4.4 Sensitivity analysis

Sensitivity analysis is useful for determining the importance of influential factors (Noori et al. 2009). The sensitivity analysis method was used in this present research to validate and evaluate the consistency of the AHP theoretical outcomes. To recognize the impact of each thematic layer on the final suitable landfill site selection zonation map. The sub-category of each criterion was identified and estimated to check the influence of subcategories on allotted rank and weights in the final suitability zonation map. Sensitivity analysis can be interpreted in two methods map removal sensitivity analysis (Lodwick et al. 1990) and single parameters sensitivity analysis (Napolitano and Fabbri 1996).

4.4.1 Map removal sensitivity analysis

Map removal sensitivity is the important sensitivity analysis for evaluating the potentially suitable landfill site by removing any parameters and producing a new suitability map each time. In this study, nine important thematic layers have been allotted. With this sensitivity analysis, each time overlaying suitability map produces by removing one thematic layer. This method has been identified the importance of influencing factors. The mathematical calculation has been done by the following formula

$$SI=\frac{\left|\left(\frac{\mathrm{LSA}}{N}\right)-\left(\frac{LSA^{\prime }}{n}\right)\right|}{LSA}\times 100$$
(5)

Where SI implies sensitivity index related with a factor when it is excluded, LSA denotes landfill suitability analysis adopted by using all thematic layers, LSA’ denotes landfill suitability analysis adopted by excluding one thematic layer, N is the total number of thematic layers used to produce LSA and n is the number of thematic layers considered to produced LSA’ map.

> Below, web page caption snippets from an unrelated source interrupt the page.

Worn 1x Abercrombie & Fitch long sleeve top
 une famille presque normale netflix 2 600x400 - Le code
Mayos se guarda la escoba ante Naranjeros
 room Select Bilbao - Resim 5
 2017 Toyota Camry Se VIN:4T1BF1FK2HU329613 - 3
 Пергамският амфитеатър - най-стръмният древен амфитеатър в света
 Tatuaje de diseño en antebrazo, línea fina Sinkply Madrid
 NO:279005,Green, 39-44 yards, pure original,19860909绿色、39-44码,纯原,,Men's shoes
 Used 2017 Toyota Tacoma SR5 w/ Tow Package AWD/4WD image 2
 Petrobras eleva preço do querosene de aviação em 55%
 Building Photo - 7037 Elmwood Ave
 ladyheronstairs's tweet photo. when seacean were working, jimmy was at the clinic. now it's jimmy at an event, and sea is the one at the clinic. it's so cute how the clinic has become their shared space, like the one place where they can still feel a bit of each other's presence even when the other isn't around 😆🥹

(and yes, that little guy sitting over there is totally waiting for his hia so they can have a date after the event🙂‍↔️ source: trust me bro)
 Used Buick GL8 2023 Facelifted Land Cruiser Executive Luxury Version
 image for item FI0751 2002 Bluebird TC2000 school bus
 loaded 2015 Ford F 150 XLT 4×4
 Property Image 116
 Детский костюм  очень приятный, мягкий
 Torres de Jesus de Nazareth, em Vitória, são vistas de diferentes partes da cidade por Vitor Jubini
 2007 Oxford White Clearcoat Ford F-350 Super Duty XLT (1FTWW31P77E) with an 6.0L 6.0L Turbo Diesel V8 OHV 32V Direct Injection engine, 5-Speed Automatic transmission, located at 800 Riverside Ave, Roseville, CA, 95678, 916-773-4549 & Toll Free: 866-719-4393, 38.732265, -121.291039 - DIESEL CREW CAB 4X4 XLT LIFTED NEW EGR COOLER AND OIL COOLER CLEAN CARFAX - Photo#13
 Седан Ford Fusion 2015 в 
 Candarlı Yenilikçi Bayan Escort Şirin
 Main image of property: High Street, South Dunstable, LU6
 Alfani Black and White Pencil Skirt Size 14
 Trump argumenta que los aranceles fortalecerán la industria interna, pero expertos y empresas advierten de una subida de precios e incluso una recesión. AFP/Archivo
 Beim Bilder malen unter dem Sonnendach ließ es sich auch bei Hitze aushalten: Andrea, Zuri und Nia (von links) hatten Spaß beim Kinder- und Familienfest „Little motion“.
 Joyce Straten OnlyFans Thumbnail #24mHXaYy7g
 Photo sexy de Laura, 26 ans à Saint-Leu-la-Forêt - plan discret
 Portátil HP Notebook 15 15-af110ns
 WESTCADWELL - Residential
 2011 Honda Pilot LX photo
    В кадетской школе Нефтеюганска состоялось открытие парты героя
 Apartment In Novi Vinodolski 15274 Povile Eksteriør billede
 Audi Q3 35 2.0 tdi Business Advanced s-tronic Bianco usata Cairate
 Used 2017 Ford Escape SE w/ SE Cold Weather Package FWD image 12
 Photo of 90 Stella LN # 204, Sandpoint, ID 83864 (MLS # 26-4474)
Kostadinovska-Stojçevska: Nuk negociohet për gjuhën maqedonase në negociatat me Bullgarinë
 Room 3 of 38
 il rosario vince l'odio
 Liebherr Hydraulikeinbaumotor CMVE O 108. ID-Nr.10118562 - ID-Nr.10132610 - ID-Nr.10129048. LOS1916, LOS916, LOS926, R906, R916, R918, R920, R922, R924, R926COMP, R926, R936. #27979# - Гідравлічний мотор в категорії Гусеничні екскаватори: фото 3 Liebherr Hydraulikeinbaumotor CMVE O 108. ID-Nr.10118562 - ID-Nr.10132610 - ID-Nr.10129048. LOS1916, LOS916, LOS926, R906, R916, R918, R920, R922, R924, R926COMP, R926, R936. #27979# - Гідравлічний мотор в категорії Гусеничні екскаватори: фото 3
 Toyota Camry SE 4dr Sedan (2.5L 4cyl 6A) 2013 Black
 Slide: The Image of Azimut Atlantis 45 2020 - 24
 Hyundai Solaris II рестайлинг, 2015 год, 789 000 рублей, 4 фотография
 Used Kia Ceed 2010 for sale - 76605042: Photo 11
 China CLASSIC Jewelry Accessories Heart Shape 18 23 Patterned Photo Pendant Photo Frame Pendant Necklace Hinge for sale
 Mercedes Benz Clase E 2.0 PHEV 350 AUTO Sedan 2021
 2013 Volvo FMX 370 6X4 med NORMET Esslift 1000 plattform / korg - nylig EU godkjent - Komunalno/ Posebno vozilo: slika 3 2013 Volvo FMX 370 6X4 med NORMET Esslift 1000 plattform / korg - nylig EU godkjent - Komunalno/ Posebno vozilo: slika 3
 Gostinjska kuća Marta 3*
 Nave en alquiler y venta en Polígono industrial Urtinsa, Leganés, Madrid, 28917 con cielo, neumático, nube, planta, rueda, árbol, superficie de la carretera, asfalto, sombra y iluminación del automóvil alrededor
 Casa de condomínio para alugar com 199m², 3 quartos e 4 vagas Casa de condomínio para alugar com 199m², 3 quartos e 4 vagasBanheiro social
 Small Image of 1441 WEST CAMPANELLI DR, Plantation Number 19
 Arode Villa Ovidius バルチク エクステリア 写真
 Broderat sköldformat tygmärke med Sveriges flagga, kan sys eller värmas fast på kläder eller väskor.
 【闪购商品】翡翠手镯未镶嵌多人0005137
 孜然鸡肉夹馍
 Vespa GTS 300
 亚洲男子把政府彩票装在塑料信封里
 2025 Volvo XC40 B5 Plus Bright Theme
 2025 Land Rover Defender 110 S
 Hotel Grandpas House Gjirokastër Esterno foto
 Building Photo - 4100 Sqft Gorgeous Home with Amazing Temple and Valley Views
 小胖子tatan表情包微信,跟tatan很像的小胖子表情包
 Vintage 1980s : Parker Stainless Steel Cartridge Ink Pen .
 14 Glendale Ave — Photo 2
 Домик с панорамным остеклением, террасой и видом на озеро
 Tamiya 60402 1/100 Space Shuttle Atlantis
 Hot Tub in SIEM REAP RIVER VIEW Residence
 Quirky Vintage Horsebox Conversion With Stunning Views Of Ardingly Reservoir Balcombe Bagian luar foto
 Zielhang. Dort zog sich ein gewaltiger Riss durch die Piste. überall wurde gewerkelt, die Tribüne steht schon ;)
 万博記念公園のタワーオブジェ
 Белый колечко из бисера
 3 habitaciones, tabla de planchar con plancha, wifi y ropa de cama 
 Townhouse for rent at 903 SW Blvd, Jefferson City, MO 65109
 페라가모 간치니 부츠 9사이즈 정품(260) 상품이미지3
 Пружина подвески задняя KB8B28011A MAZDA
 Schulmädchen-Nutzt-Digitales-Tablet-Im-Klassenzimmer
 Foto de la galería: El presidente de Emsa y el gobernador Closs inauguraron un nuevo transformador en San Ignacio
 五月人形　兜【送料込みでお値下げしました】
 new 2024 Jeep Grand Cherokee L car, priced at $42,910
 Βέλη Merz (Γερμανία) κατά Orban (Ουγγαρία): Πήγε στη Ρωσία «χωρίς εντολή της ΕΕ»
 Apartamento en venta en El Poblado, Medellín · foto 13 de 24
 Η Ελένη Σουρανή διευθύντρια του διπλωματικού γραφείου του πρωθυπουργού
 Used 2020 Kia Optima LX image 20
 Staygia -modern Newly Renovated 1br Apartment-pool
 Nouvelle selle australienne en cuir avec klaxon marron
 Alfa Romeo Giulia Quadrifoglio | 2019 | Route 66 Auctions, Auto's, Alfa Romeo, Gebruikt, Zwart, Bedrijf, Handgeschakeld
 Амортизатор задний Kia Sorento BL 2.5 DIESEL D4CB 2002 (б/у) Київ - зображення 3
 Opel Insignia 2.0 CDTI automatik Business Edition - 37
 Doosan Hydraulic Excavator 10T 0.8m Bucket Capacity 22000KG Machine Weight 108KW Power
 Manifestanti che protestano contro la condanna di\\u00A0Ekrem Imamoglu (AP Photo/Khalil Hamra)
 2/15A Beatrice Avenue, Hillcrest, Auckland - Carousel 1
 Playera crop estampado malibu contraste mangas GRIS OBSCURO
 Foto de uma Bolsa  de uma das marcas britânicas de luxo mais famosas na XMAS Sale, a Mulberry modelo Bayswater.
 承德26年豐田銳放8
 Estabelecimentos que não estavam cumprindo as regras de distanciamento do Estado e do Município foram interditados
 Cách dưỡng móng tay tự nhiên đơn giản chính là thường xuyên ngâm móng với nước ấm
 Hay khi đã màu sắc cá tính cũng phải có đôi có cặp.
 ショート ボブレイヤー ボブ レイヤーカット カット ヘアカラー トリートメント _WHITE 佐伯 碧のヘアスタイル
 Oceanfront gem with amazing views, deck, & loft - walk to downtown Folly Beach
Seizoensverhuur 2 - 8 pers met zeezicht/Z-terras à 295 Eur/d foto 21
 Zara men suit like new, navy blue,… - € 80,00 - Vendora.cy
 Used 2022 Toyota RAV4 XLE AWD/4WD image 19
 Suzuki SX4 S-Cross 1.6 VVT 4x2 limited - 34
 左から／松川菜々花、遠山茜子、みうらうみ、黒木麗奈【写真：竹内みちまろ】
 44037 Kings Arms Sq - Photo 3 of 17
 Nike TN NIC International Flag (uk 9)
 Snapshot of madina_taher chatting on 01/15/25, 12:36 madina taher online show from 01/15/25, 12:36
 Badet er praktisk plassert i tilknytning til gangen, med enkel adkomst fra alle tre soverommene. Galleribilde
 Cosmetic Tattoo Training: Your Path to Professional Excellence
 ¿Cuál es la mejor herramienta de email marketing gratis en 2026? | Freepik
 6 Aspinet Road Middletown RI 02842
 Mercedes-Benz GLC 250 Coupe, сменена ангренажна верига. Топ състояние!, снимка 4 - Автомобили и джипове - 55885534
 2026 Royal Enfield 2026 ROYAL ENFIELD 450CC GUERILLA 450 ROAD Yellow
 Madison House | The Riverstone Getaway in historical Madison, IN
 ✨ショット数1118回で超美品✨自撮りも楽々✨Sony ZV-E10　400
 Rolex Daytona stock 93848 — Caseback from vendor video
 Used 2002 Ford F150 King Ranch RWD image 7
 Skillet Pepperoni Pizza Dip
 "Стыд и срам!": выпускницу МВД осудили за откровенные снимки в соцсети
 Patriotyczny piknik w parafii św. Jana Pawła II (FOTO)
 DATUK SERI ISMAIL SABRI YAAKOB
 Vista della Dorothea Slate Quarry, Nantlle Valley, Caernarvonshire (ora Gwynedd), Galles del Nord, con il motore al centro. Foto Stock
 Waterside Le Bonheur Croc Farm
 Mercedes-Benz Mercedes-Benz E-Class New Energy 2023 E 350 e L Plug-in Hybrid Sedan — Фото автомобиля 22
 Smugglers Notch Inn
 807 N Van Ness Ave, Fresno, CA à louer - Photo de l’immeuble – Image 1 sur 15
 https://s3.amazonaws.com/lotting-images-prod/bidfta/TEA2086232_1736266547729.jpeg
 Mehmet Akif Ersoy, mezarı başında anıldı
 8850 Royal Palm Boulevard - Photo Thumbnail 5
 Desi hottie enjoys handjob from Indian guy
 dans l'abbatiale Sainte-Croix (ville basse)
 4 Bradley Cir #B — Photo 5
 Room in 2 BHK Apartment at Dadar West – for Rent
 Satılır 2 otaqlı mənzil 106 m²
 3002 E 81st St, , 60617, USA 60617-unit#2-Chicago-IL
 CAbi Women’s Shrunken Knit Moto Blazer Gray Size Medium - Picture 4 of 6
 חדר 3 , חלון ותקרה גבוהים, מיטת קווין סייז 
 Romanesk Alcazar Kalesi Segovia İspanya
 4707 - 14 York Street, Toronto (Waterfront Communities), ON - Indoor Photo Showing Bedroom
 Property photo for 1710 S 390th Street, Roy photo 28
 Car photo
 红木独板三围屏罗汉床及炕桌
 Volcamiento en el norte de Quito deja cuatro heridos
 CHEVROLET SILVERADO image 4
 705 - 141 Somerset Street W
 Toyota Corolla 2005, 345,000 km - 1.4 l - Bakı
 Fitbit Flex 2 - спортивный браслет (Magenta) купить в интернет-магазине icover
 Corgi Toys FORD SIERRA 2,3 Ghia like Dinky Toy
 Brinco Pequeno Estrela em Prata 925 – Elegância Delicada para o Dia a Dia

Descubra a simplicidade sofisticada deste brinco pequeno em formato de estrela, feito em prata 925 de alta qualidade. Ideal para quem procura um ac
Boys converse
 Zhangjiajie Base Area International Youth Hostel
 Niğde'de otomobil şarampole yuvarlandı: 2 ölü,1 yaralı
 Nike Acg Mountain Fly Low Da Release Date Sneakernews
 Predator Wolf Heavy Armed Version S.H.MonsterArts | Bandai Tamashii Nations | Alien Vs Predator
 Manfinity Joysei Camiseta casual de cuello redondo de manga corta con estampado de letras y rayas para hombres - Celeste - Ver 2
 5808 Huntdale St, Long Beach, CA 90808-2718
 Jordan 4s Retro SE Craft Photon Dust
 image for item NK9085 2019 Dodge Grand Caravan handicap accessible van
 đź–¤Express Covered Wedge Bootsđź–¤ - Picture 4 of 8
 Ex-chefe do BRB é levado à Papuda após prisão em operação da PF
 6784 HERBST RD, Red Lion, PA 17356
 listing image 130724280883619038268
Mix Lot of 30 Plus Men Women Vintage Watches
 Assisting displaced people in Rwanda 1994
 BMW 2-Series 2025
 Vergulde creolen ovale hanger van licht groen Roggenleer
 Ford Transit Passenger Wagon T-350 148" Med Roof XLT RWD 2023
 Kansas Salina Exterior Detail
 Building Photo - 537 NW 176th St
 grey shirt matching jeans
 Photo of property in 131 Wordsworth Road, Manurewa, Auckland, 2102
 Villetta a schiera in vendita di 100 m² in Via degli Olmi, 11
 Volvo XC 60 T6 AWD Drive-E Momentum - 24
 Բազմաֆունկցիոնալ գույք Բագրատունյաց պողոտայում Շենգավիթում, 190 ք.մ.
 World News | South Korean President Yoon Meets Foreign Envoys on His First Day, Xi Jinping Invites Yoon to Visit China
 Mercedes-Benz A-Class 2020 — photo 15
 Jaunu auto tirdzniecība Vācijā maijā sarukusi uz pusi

The map removal sensitivity analysis (Table 9) reveals that land value (sensitivity variation 34.644%) was the most influential parameter in landfill suitability mapping estimation. However, distance from lineament, river, road, and residence was identified as a moderate influential factor. The sensitivity analysis (Table 10) also explains that the removal of land value increases the low as well as very low suitable landfill potential area by 25.317% and very low area 22.626%. On the other hand removal of river and road increases the high suitable landfill potential area by 21.605% and 21.195% and very high 19.520% and 18.959% respectively.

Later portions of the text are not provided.